Pero volviendo al artículo de Yuri, me llamó la atención que no mencionase de una manera clara aquel lanzazo que recibió Jesús y del que tanto hincapié me hicieron a mí los curas durante mi niñez… y entonces recordé aquella vez que, después de ver un video sobre la falta de coherencia sobre la muerte de Jesús, comprobé que los Evangelios no guardan una relación exacta (ni mucho menos) los unos con los otros.

Los Evangelios no fueron escritos al mismo tiempo, ni siquiera fueron escritos durante la vida de quienes se supone conocieron a Jesús o vivieron con él.
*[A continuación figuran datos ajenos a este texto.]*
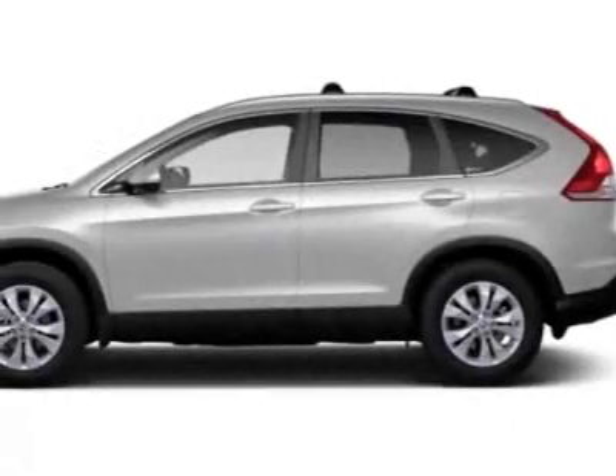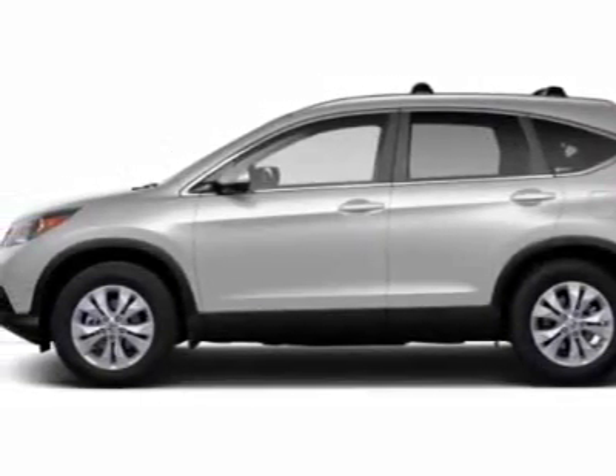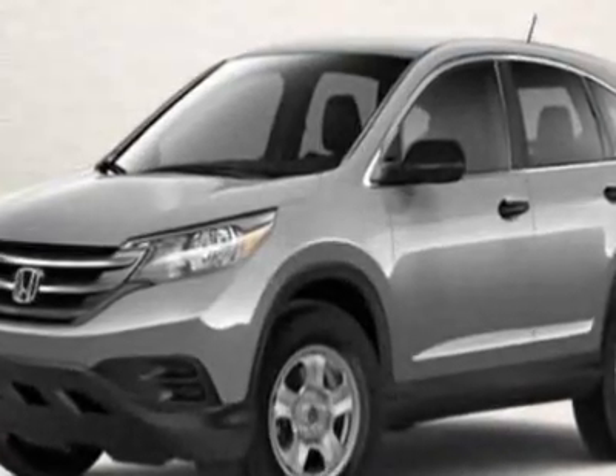Look at this new 2012 Honda CR-V. For your protection, this vehicle has a full factory warranty.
Son más un registro posterior, y si bien los expertos no se ponen de acuerdo sobre cual fue primero o si alguno sirvió de inspiración a los otros, puede ser que el de Mateo fuera el más temprano, seguido por los de Marcos y Lucas, y finalmente el de Juan, y aunque los manuscritos más antiguos que conservamos de estos datan del siglo II y III se supone que datan de finales del siglo I.

El caso es que, en la crucifixión, parece que los evangelistas están un poco más de acuerdo que con la resurrección -donde lo único que está claro es que Jesús no estaba en la tumba- pero de nuevo hay alguna diferencia entre unos y otros, ya que sólo Juan menciona que los soldados atravesaran el costado de Jesús.
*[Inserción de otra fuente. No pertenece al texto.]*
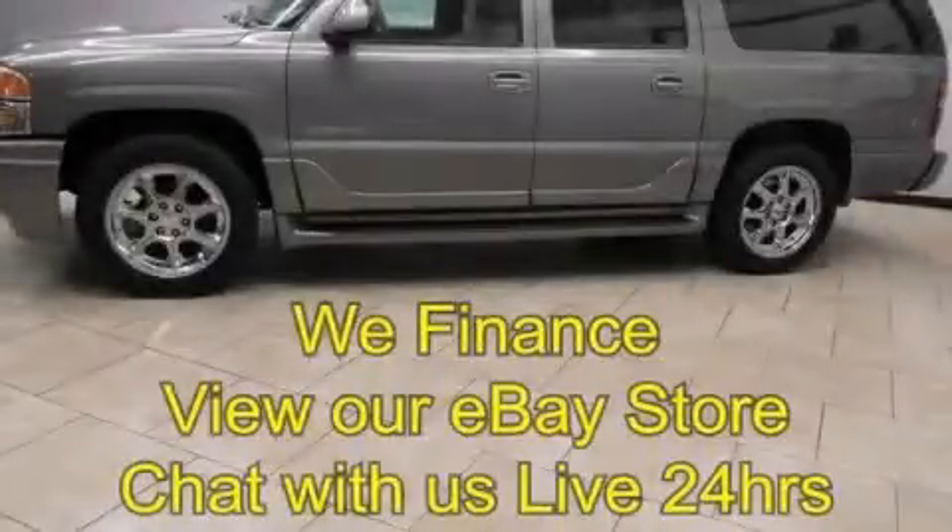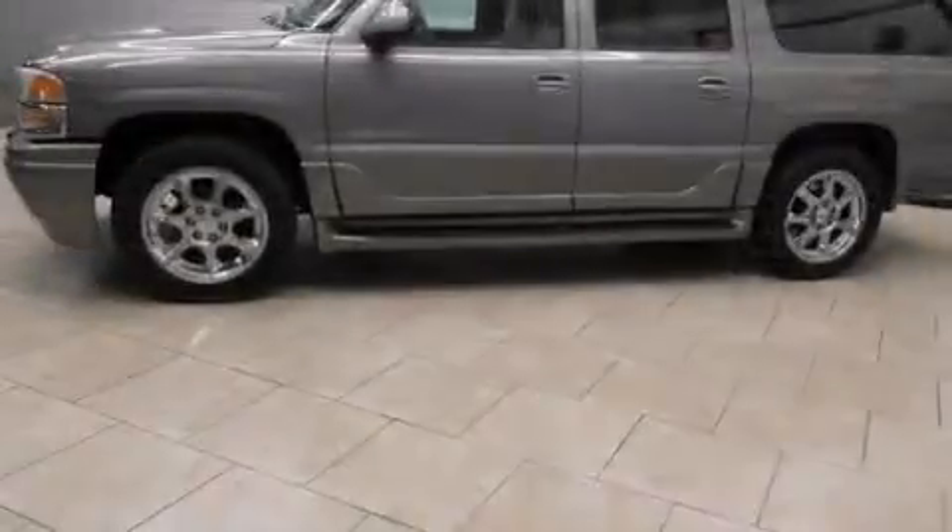This is a 2005 GMC Yukon, a vehicle with safety, comfort, and space.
Si bien es comúnmente aceptado que la crucifixión tuviera lugar a la hora nona, yo no he encontrado ninguna referencia temporal en los Evangelios salvo que al rededor de medio día el cielo se oscureció hasta las tres (Mateo 27:45, Marcos 15:33, Lucas 23:44) momento en el que Jesús “entrega su alma” y un terremoto sacude la ciudad.

Por el contrario, Juan no registra ningún hecho sobrenatural como la oscuridad ni el terremoto, Jesús expira después de beber agua con vinagre y la única fecha que se ofrece es la del día de preparación de la Pascua (judía) cuando “Los judíos pidieron a Pilato que hiciera quebrar las piernas de los crucificados” (Juan 19:31) lo que solía terminar con la vida por embolismo graso y hemorragia.

Este hecho que no aparece en los otros evangelios, el que no hubiera cruces durante el sábado por petición de los sacerdotes según el San Juan, si bien no aclara la causa de la muerte (ya que no llegaron a partirle las piernas) puede explicar el por qué Jesús permaneció tan poco tiempo crucificado.

Queda por determinar la forma de la cruz, de la que tampoco se da mayor información. Unos sostienen que estaba formada por dos palos (la forma cristiana tradicional), mientras que otros sostienen que la falta de madera en la región llevaba a los romanos a crucificar atando al reo en un único palo, lo que causaba una muerte más rápida por asfixia y que permitía añadir un pedestal que permitía sufrir durante más tiempo si era necesario, lo cual aunque no respeta forma tradicional, puede encajar con los relatos cristianos.